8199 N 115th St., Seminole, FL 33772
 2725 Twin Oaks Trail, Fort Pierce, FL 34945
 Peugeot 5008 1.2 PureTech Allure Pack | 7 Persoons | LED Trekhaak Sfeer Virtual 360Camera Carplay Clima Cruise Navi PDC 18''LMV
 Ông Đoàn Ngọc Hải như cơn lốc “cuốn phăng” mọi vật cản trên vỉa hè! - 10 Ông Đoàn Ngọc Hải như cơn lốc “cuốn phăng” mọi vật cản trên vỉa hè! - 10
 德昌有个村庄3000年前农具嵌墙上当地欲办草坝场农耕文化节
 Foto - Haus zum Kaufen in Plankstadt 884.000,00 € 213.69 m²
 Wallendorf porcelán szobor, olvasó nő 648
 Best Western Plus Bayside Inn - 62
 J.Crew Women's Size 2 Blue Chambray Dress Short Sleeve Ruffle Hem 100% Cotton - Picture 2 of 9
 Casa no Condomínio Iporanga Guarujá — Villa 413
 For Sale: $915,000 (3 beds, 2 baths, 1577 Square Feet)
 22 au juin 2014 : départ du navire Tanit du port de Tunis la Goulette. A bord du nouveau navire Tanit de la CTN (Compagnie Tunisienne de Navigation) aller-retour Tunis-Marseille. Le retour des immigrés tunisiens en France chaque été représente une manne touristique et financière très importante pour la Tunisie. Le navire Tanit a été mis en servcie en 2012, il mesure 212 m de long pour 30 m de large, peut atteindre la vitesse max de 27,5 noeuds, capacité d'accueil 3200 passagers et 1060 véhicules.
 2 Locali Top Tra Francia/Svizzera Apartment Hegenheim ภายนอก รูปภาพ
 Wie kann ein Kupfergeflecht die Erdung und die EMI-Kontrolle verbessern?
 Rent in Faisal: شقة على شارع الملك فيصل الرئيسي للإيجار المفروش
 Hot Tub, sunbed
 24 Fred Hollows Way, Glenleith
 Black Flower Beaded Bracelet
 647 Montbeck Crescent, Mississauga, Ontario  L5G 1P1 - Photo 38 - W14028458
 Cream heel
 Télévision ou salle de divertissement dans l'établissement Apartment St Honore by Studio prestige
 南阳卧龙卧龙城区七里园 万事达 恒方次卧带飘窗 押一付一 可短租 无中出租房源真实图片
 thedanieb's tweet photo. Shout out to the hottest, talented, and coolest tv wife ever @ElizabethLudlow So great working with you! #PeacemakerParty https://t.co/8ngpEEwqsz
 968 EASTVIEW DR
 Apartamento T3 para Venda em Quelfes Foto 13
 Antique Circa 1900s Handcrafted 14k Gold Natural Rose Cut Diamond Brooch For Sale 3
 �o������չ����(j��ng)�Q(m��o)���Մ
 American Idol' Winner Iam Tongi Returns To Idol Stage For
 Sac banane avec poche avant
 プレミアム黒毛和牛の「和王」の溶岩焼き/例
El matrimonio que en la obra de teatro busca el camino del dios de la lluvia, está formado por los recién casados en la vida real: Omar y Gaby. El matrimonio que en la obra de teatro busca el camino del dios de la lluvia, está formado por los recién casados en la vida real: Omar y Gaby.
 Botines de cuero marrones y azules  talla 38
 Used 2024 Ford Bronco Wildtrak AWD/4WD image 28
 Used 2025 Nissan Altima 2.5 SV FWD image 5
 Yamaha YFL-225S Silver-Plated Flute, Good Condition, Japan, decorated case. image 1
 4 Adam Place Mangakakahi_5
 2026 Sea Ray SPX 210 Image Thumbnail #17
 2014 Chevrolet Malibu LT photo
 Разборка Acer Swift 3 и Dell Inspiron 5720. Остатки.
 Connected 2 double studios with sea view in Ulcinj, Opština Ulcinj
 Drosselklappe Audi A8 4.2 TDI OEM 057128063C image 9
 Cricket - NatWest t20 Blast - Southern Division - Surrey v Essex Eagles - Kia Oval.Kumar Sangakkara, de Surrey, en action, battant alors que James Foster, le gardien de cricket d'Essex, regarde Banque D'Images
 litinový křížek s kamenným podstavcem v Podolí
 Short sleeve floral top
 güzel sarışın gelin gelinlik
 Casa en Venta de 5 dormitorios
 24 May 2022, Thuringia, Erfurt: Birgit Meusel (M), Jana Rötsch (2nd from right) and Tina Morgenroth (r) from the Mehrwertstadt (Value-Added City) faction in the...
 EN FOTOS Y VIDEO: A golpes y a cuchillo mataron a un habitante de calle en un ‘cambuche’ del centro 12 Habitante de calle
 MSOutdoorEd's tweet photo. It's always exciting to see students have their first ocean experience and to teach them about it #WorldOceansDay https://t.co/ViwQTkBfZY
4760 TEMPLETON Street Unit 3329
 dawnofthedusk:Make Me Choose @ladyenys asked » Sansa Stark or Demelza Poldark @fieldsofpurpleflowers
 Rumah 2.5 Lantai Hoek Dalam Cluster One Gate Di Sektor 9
--
- _WHAT IS EXPECTED_:
Write out the data once more, word for word.

- _EXPECTED OUTPUT_:
8199 N 115th St., Seminole, FL 33772
 2725 Twin Oaks Trail, Fort Pierce, FL 34945
 Peugeot 5008 1.2 PureTech Allure Pack | 7 Persoons | LED Trekhaak Sfeer Virtual 360Camera Carplay Clima Cruise Navi PDC 18''LMV
 Ông Đoàn Ngọc Hải như cơn lốc “cuốn phăng” mọi vật cản trên vỉa hè! - 10 Ông Đoàn Ngọc Hải như cơn lốc “cuốn phăng” mọi vật cản trên vỉa hè! - 10
 德昌有个村庄3000年前农具嵌墙上当地欲办草坝场农耕文化节
 Foto - Haus zum Kaufen in Plankstadt 884.000,00 € 213.69 m²
 Wallendorf porcelán szobor, olvasó nő 648
 Best Western Plus Bayside Inn - 62
 J.Crew Women's Size 2 Blue Chambray Dress Short Sleeve Ruffle Hem 100% Cotton - Picture 2 of 9
 Casa no Condomínio Iporanga Guarujá — Villa 413
 For Sale: $915,000 (3 beds, 2 baths, 1577 Square Feet)
 22 au juin 2014 : départ du navire Tanit du port de Tunis la Goulette. A bord du nouveau navire Tanit de la CTN (Compagnie Tunisienne de Navigation) aller-retour Tunis-Marseille. Le retour des immigrés tunisiens en France chaque été représente une manne touristique et financière très importante pour la Tunisie. Le navire Tanit a été mis en servcie en 2012, il mesure 212 m de long pour 30 m de large, peut atteindre la vitesse max de 27,5 noeuds, capacité d'accueil 3200 passagers et 1060 véhicules.
 2 Locali Top Tra Francia/Svizzera Apartment Hegenheim ภายนอก รูปภาพ
 Wie kann ein Kupfergeflecht die Erdung und die EMI-Kontrolle verbessern?
 Rent in Faisal: شقة على شارع الملك فيصل الرئيسي للإيجار المفروش
 Hot Tub, sunbed
 24 Fred Hollows Way, Glenleith
 Black Flower Beaded Bracelet
 647 Montbeck Crescent, Mississauga, Ontario  L5G 1P1 - Photo 38 - W14028458
 Cream heel
 Télévision ou salle de divertissement dans l'établissement Apartment St Honore by Studio prestige
 南阳卧龙卧龙城区七里园 万事达 恒方次卧带飘窗 押一付一 可短租 无中出租房源真实图片
 thedanieb's tweet photo. Shout out to the hottest, talented, and coolest tv wife ever @ElizabethLudlow So great working with you! #PeacemakerParty https://t.co/8ngpEEwqsz
 968 EASTVIEW DR
 Apartamento T3 para Venda em Quelfes Foto 13
 Antique Circa 1900s Handcrafted 14k Gold Natural Rose Cut Diamond Brooch For Sale 3
 �o������չ����(j��ng)�Q(m��o)���Մ
 American Idol' Winner Iam Tongi Returns To Idol Stage For
 Sac banane avec poche avant
 プレミアム黒毛和牛の「和王」の溶岩焼き/例
El matrimonio que en la obra de teatro busca el camino del dios de la lluvia, está formado por los recién casados en la vida real: Omar y Gaby. El matrimonio que en la obra de teatro busca el camino del dios de la lluvia, está formado por los recién casados en la vida real: Omar y Gaby.
 Botines de cuero marrones y azules  talla 38
 Used 2024 Ford Bronco Wildtrak AWD/4WD image 28
 Used 2025 Nissan Altima 2.5 SV FWD image 5
 Yamaha YFL-225S Silver-Plated Flute, Good Condition, Japan, decorated case. image 1
 4 Adam Place Mangakakahi_5
 2026 Sea Ray SPX 210 Image Thumbnail #17
 2014 Chevrolet Malibu LT photo
 Разборка Acer Swift 3 и Dell Inspiron 5720. Остатки.
 Connected 2 double studios with sea view in Ulcinj, Opština Ulcinj
 Drosselklappe Audi A8 4.2 TDI OEM 057128063C image 9
 Cricket - NatWest t20 Blast - Southern Division - Surrey v Essex Eagles - Kia Oval.Kumar Sangakkara, de Surrey, en action, battant alors que James Foster, le gardien de cricket d'Essex, regarde Banque D'Images
 litinový křížek s kamenným podstavcem v Podolí
 Short sleeve floral top
 güzel sarışın gelin gelinlik
 Casa en Venta de 5 dormitorios
 24 May 2022, Thuringia, Erfurt: Birgit Meusel (M), Jana Rötsch (2nd from right) and Tina Morgenroth (r) from the Mehrwertstadt (Value-Added City) faction in the...
 EN FOTOS Y VIDEO: A golpes y a cuchillo mataron a un habitante de calle en un ‘cambuche’ del centro 12 Habitante de calle
 MSOutdoorEd's tweet photo. It's always exciting to see students have their first ocean experience and to teach them about it #WorldOceansDay https://t.co/ViwQTkBfZY
4760 TEMPLETON Street Unit 3329
 dawnofthedusk:Make Me Choose @ladyenys asked » Sansa Stark or Demelza Poldark @fieldsofpurpleflowers
 Rumah 2.5 Lantai Hoek Dalam Cluster One Gate Di Sektor 9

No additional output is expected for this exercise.